• Requirement: In your copy of the data below, reproduce every entry exactly and omit the pictures.

• Supplied data:
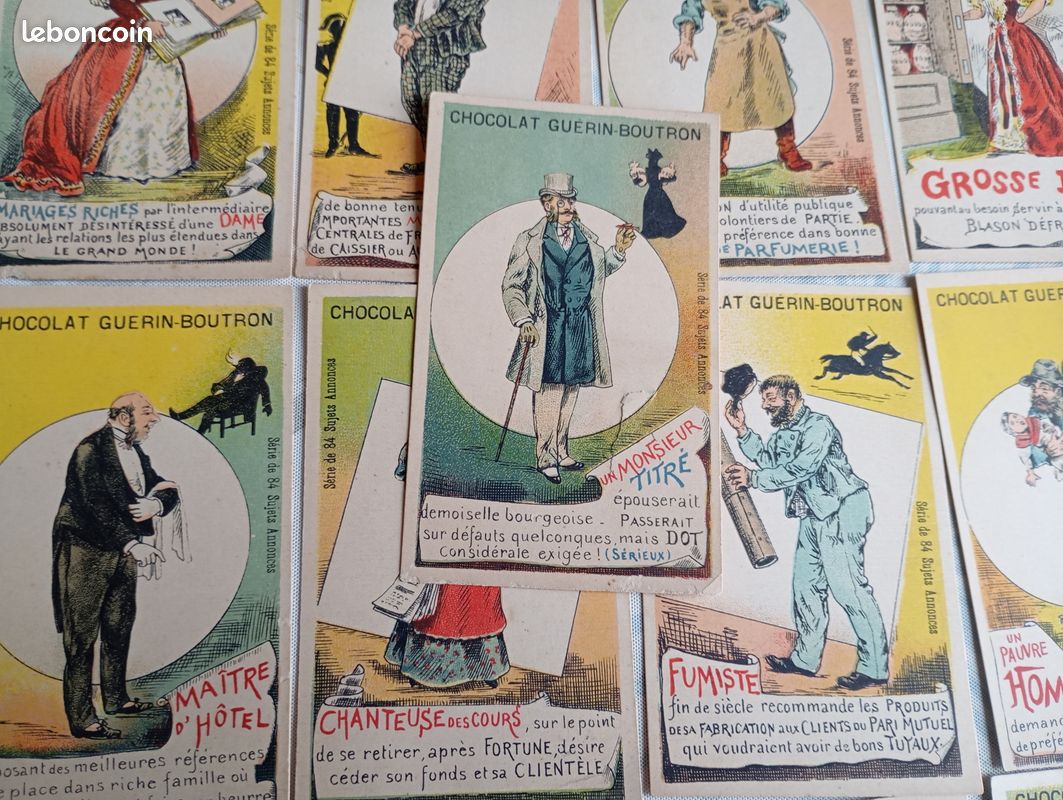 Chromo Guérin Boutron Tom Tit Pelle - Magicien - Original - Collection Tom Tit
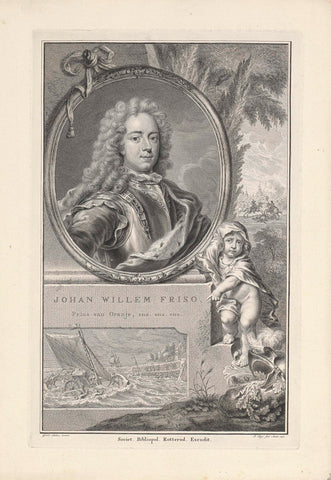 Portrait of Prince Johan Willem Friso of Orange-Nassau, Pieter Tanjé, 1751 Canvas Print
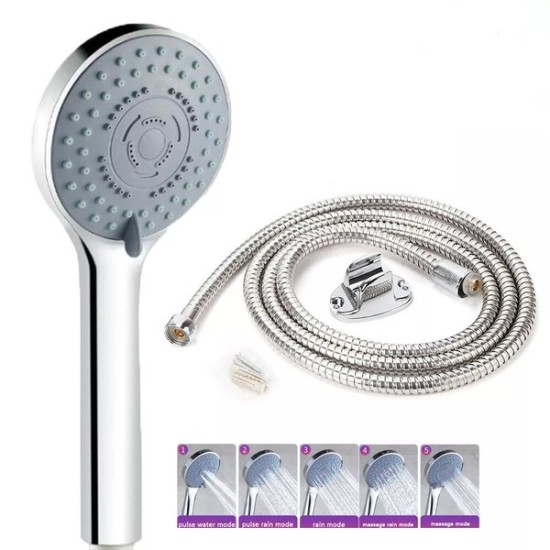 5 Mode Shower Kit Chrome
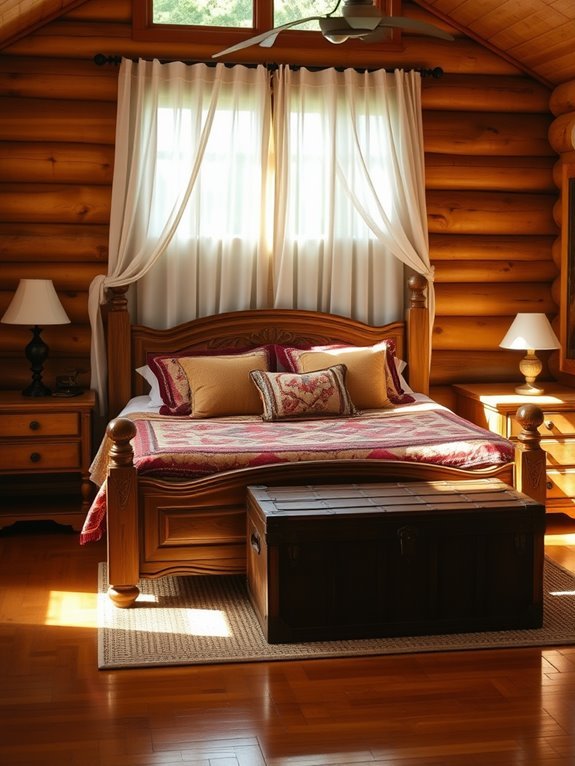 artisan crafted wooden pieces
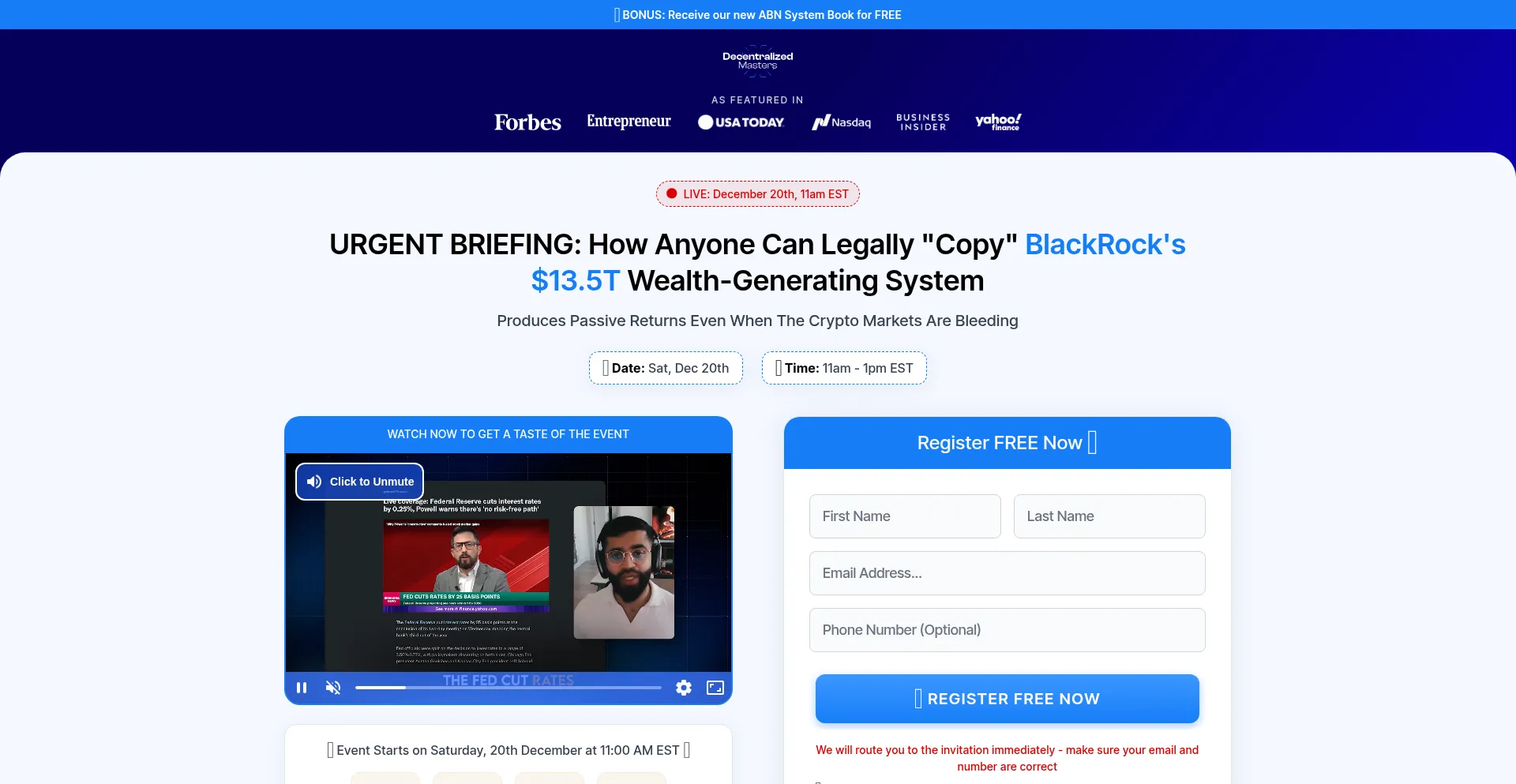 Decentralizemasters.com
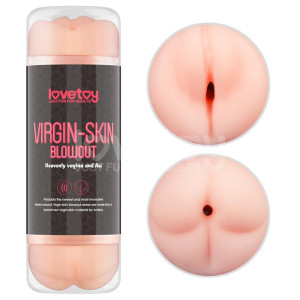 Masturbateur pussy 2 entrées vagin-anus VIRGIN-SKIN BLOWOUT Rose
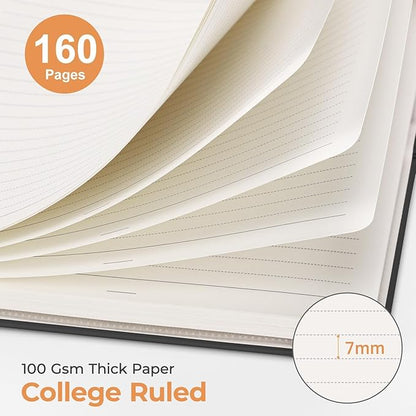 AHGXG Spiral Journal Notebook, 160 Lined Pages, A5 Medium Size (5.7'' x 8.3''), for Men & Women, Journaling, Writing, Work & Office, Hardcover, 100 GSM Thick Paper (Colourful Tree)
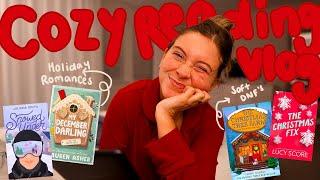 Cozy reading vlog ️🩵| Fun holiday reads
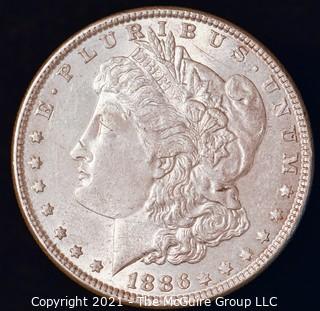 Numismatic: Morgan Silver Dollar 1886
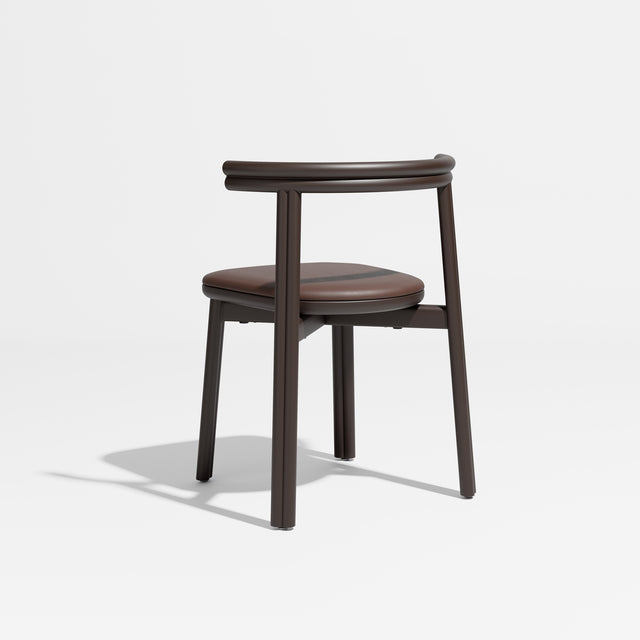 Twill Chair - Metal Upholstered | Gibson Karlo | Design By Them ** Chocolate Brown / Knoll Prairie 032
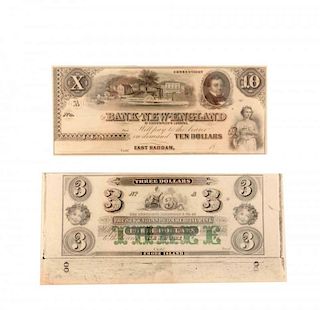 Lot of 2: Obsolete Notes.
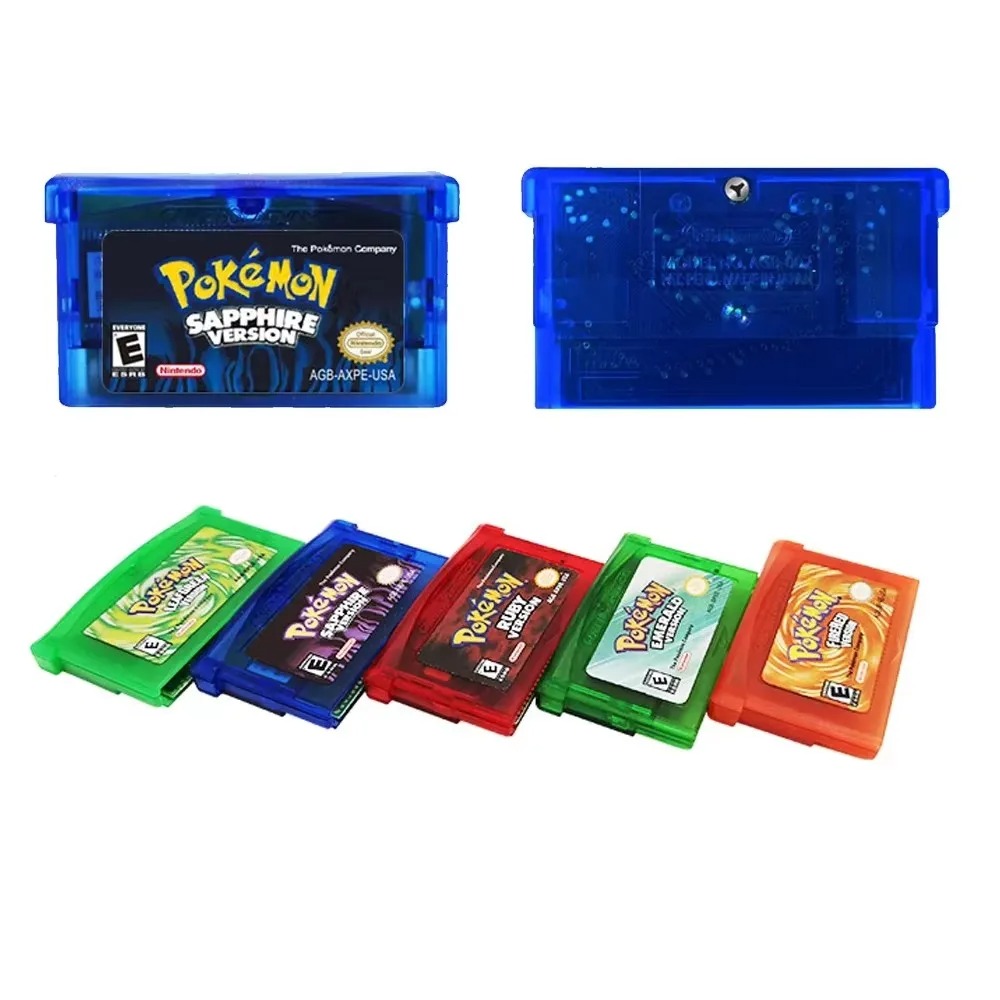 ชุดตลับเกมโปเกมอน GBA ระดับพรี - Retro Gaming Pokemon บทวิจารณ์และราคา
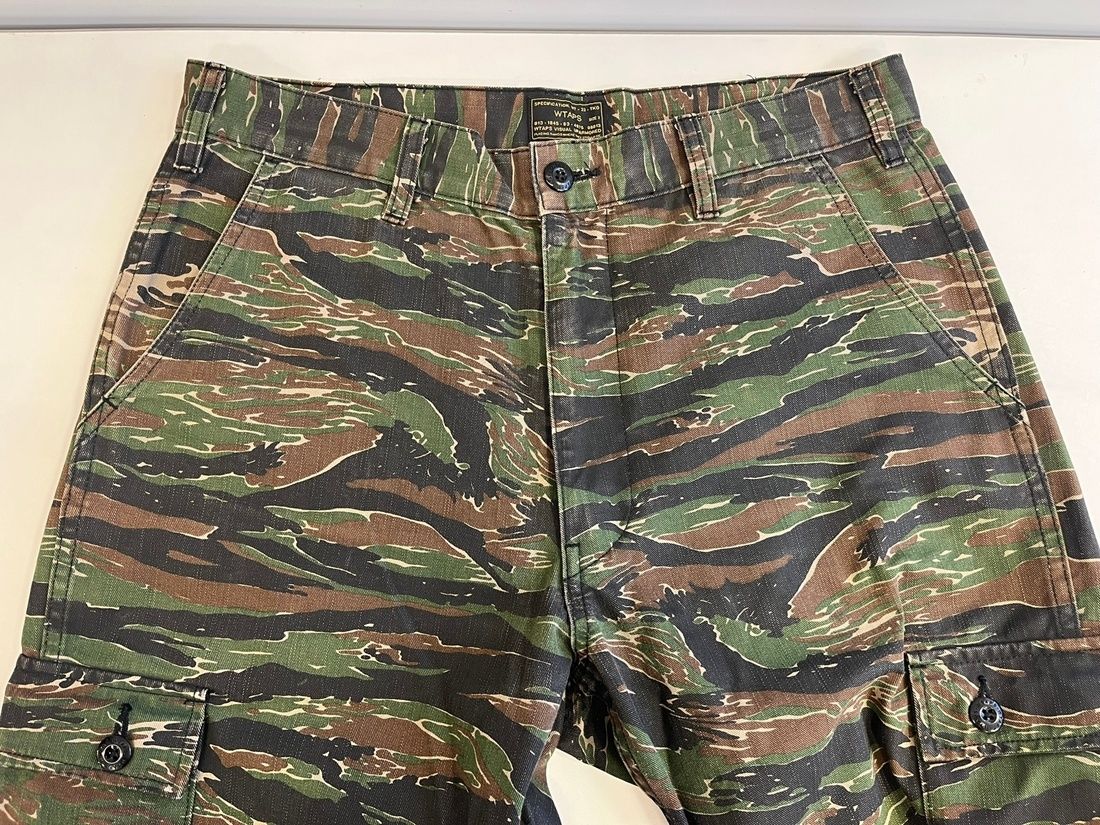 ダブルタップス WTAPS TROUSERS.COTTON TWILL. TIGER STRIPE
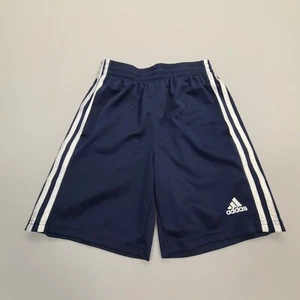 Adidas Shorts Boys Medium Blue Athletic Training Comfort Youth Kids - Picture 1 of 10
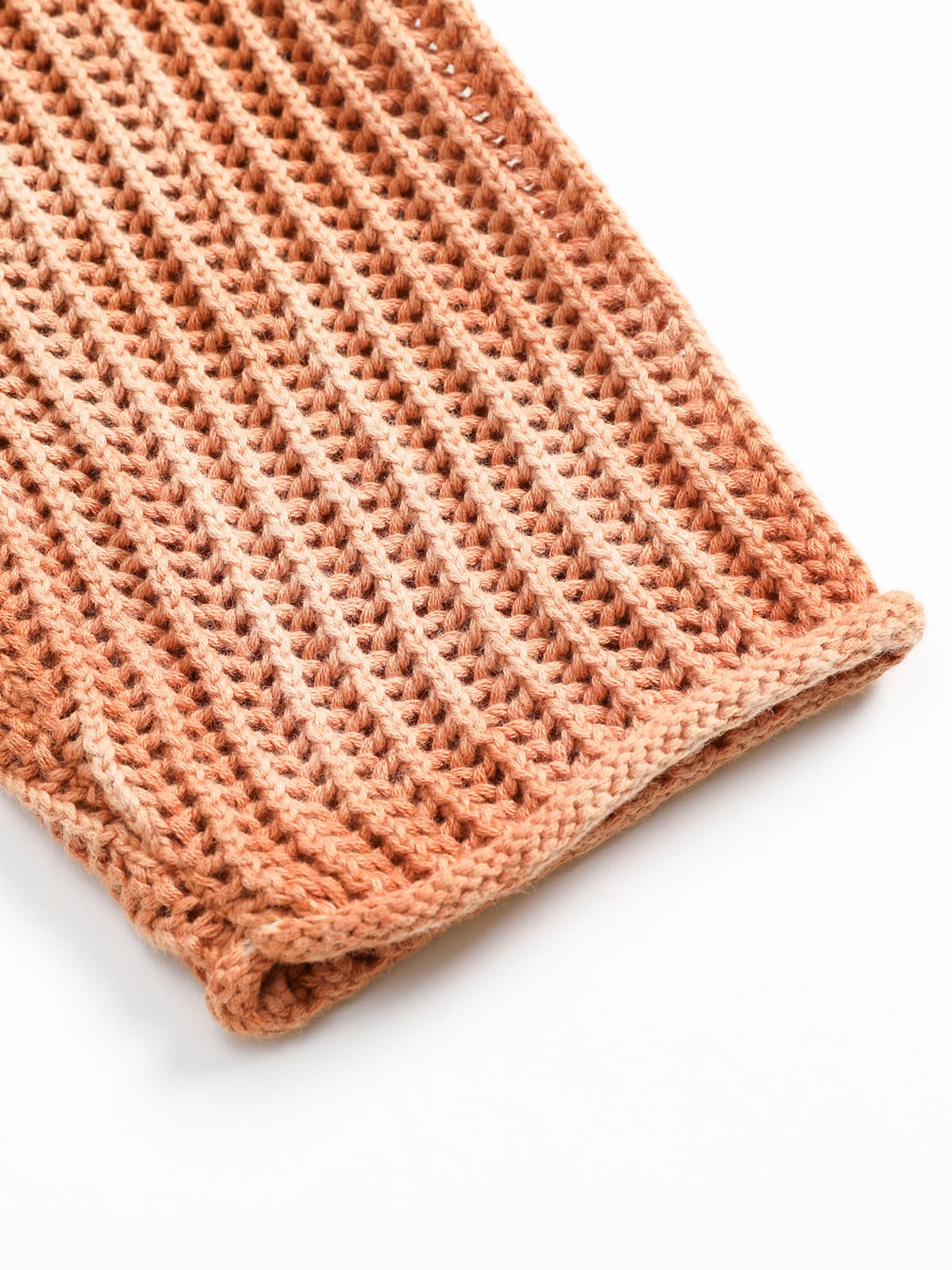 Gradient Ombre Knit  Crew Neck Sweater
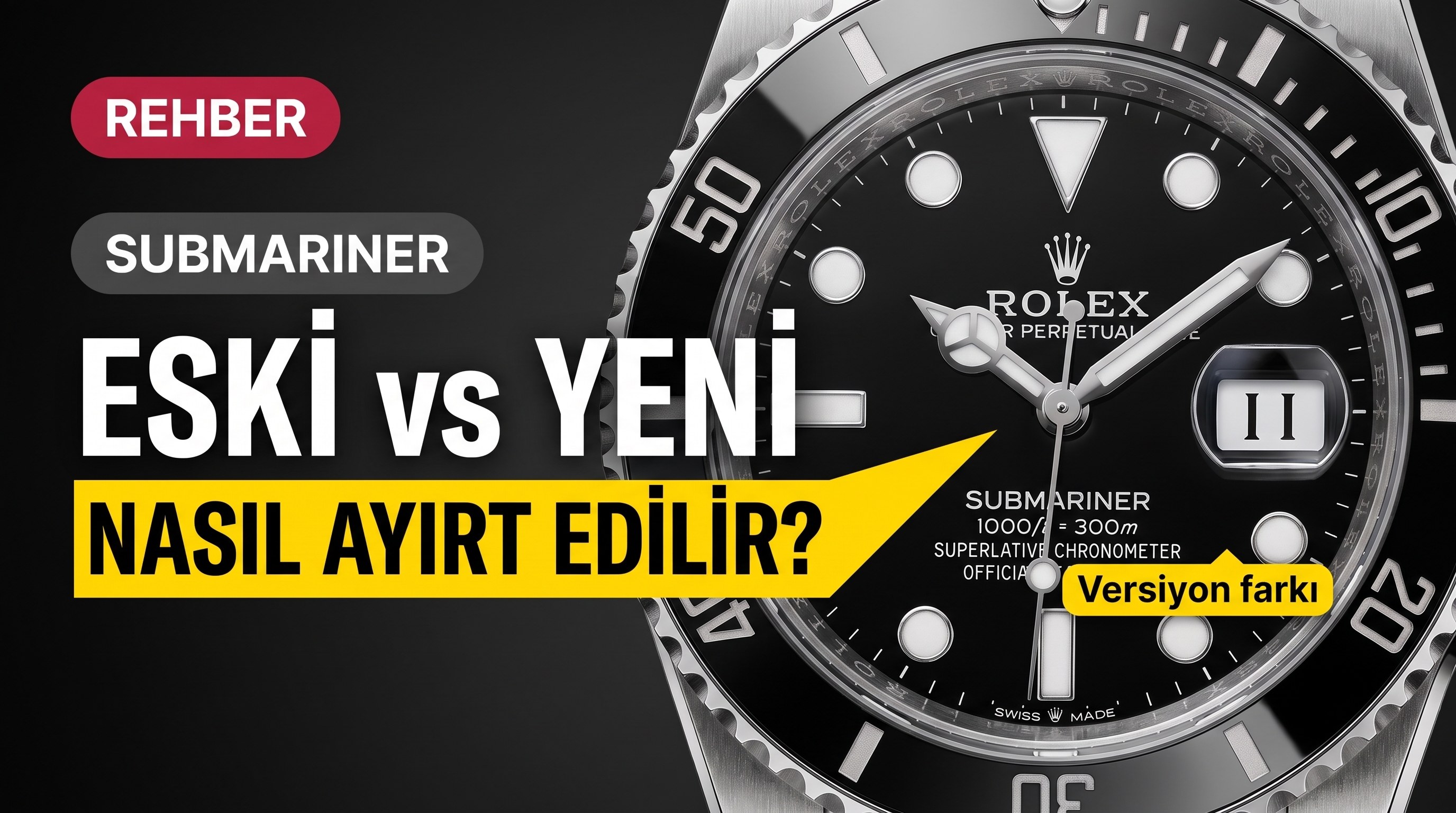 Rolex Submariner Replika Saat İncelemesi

• Your response:
 Chromo Guérin Boutron Tom Tit Pelle - Magicien - Original - Collection Tom Tit
 Portrait of Prince Johan Willem Friso of Orange-Nassau, Pieter Tanjé, 1751 Canvas Print
 5 Mode Shower Kit Chrome
 artisan crafted wooden pieces
 Decentralizemasters.com
 Masturbateur pussy 2 entrées vagin-anus VIRGIN-SKIN BLOWOUT Rose
 AHGXG Spiral Journal Notebook, 160 Lined Pages, A5 Medium Size (5.7'' x 8.3''), for Men & Women, Journaling, Writing, Work & Office, Hardcover, 100 GSM Thick Paper (Colourful Tree)
 Cozy reading vlog ️🩵| Fun holiday reads
 Numismatic: Morgan Silver Dollar 1886
 Twill Chair - Metal Upholstered | Gibson Karlo | Design By Them ** Chocolate Brown / Knoll Prairie 032
 Lot of 2: Obsolete Notes.
 ชุดตลับเกมโปเกมอน GBA ระดับพรี - Retro Gaming Pokemon บทวิจารณ์และราคา
 ダブルタップス WTAPS TROUSERS.COTTON TWILL. TIGER STRIPE
 Adidas Shorts Boys Medium Blue Athletic Training Comfort Youth Kids - Picture 1 of 10
 Gradient Ombre Knit  Crew Neck Sweater
 Rolex Submariner Replika Saat İncelemesi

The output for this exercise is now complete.